- [TASK DETAILS]: Instruction for the entries below: return the part that opens with the line containing "Bojonegoro Ikuti Batik" and closes with the line containing "Tersangka kasus korupsi", exactly, and no pictures.

- [PROVIDED DATA]:
=== Begin Enclosure ===
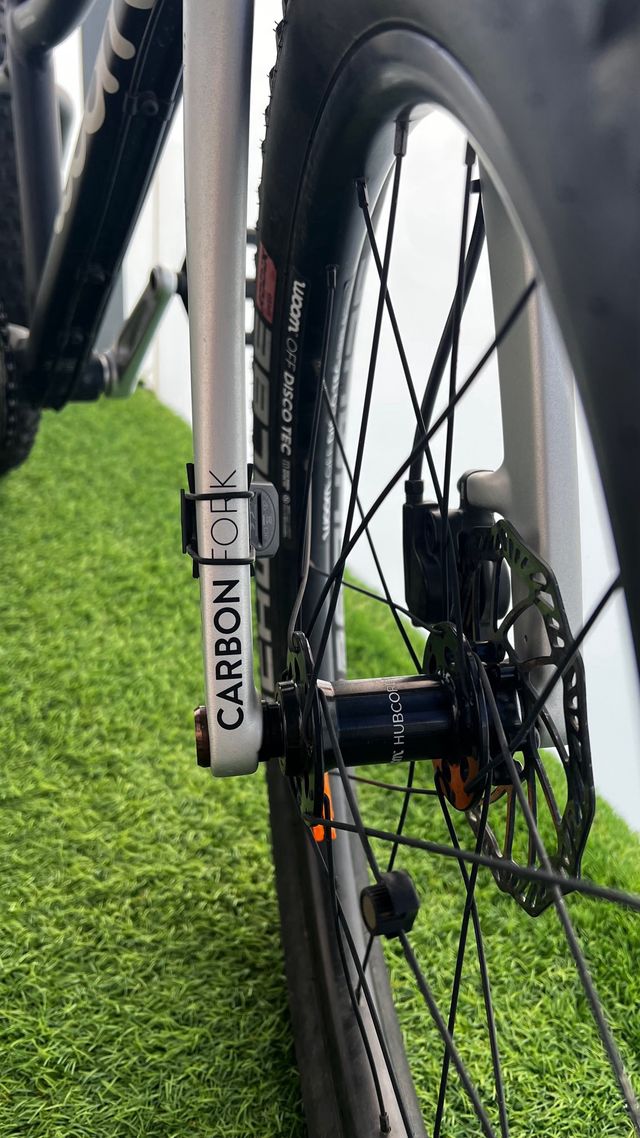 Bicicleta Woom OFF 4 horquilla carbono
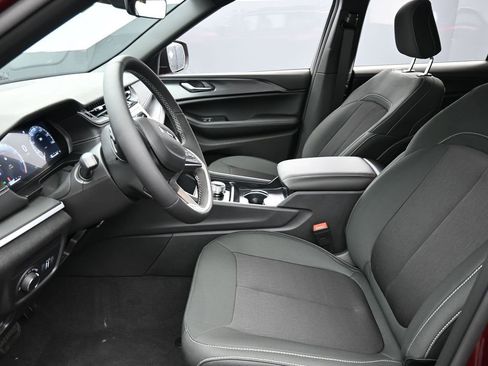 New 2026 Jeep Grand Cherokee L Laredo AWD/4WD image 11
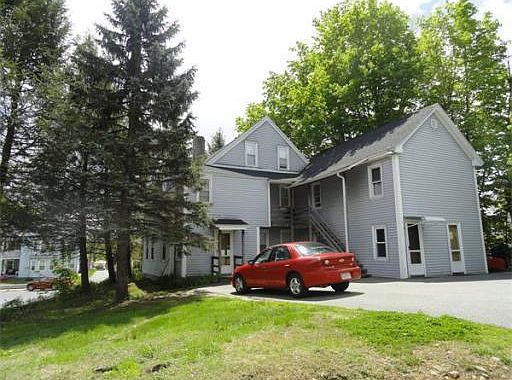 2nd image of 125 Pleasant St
=== End Enclosure ===
=== Begin Enclosure ===
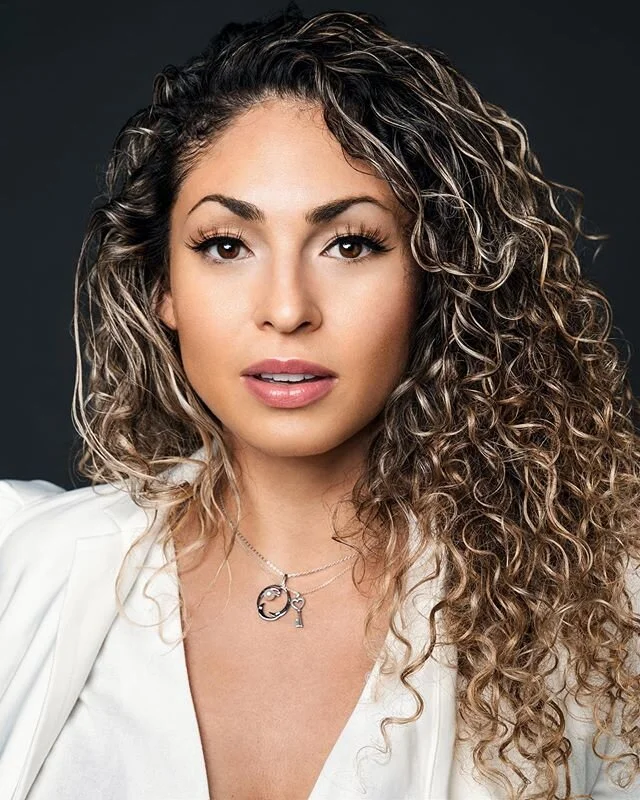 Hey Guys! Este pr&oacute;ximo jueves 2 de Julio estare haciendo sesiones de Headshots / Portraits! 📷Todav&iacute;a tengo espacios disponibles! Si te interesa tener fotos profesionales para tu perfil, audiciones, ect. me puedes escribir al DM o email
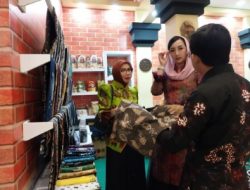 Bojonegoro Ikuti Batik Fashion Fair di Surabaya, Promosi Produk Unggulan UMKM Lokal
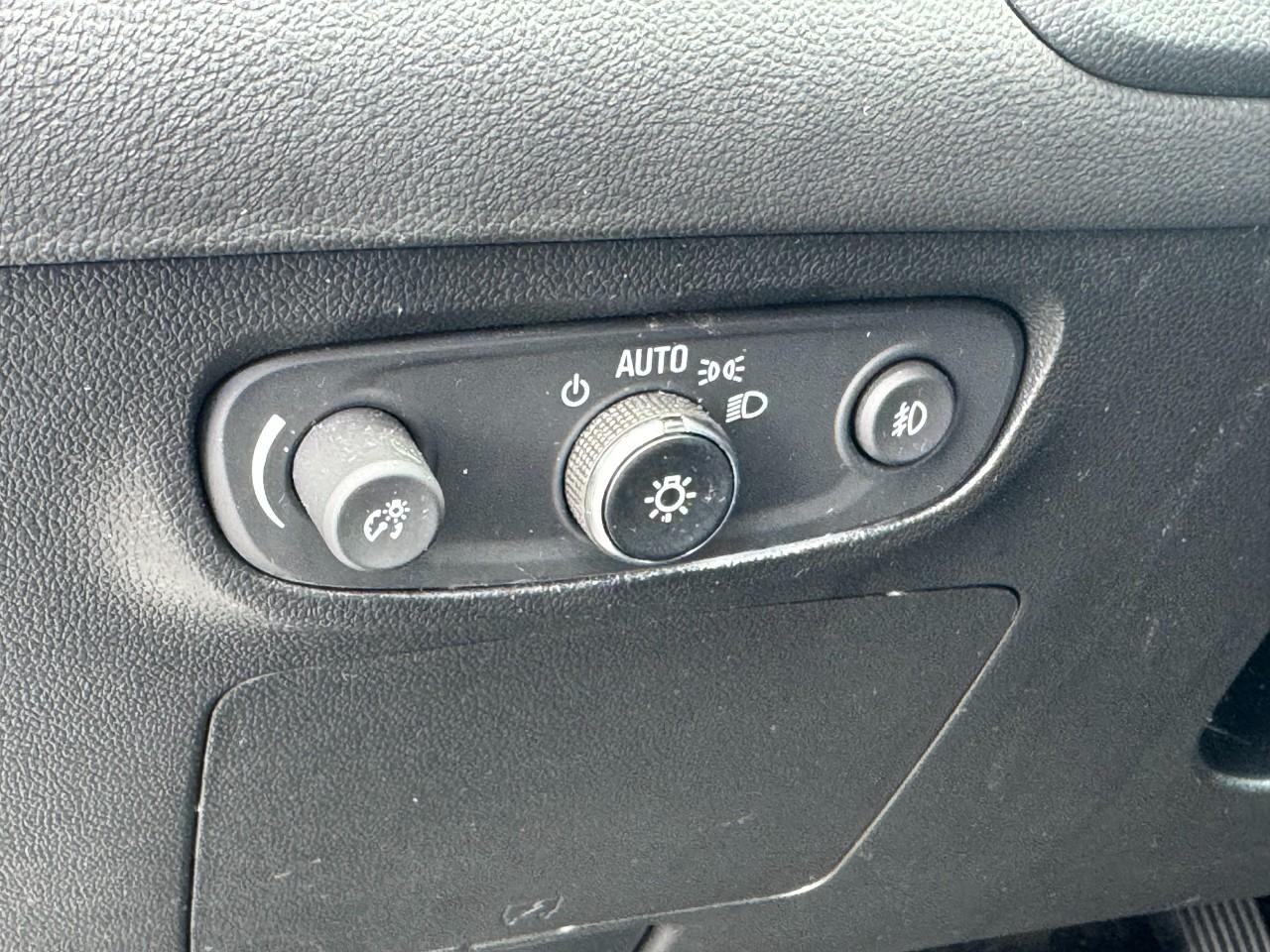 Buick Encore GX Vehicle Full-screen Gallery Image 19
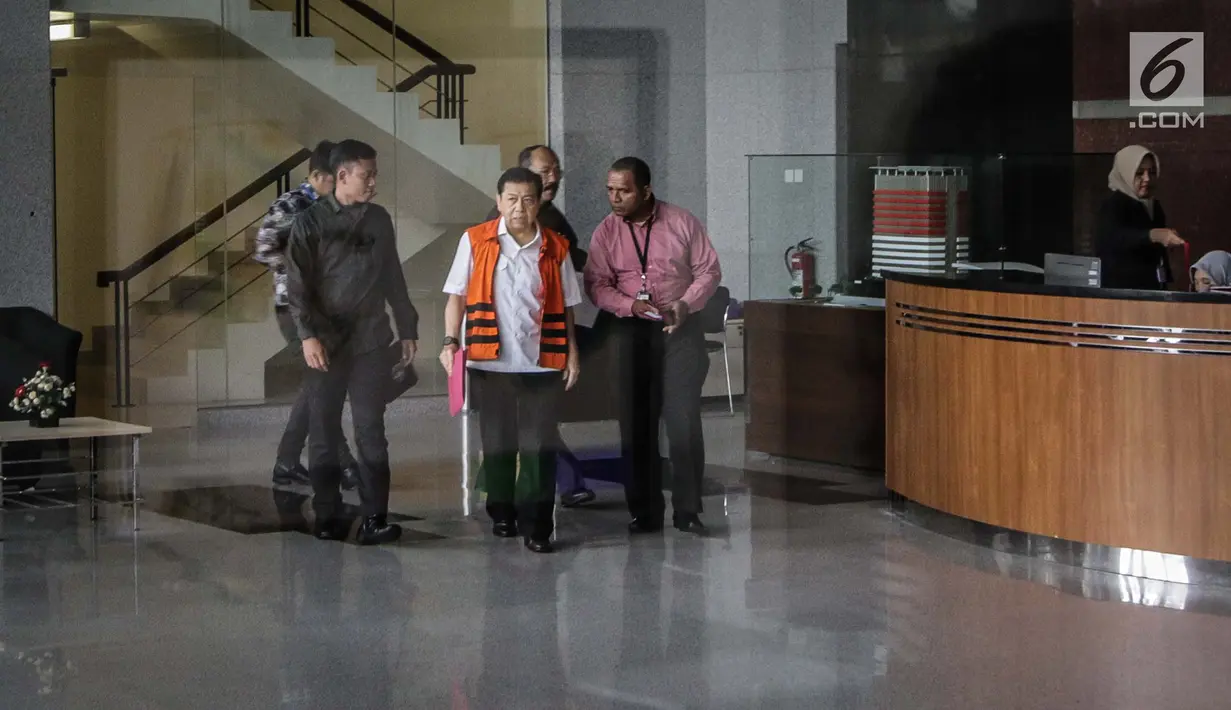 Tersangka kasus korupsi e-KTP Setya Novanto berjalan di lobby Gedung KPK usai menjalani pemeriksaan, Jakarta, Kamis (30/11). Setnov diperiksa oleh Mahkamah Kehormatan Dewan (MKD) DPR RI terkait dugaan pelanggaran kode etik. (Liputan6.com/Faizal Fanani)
=== End Enclosure ===
- [ANSWER TO THIS TASK]:
 Bojonegoro Ikuti Batik Fashion Fair di Surabaya, Promosi Produk Unggulan UMKM Lokal
 Buick Encore GX Vehicle Full-screen Gallery Image 19
 Tersangka kasus korupsi e-KTP Setya Novanto berjalan di lobby Gedung KPK usai menjalani pemeriksaan, Jakarta, Kamis (30/11). Setnov diperiksa oleh Mahkamah Kehormatan Dewan (MKD) DPR RI terkait dugaan pelanggaran kode etik. (Liputan6.com/Faizal Fanani)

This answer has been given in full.